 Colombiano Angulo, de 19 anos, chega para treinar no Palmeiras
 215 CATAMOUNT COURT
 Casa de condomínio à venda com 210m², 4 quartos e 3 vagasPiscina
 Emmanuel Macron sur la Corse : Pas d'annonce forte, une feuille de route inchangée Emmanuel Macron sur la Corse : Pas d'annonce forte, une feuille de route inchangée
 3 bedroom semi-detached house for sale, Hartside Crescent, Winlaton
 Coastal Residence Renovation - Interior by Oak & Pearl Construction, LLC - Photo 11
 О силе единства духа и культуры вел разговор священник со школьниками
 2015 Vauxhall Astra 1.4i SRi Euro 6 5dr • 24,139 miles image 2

-=-=-=-=-

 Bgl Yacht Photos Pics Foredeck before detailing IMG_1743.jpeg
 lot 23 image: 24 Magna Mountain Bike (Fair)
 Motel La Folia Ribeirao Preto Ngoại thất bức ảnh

-=-=-=-=-

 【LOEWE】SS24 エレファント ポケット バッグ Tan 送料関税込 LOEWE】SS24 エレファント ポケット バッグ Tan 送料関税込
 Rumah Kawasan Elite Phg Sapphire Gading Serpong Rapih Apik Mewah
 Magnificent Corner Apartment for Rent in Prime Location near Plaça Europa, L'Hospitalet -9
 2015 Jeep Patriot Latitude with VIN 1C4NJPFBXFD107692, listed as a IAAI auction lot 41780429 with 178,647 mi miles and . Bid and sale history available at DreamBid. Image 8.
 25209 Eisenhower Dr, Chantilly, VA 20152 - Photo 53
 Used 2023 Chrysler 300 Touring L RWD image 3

-=-=-=-=-

= Task to carry out =
Write down only the number of lines above where the word "miles" occurs.

= Answer section =
2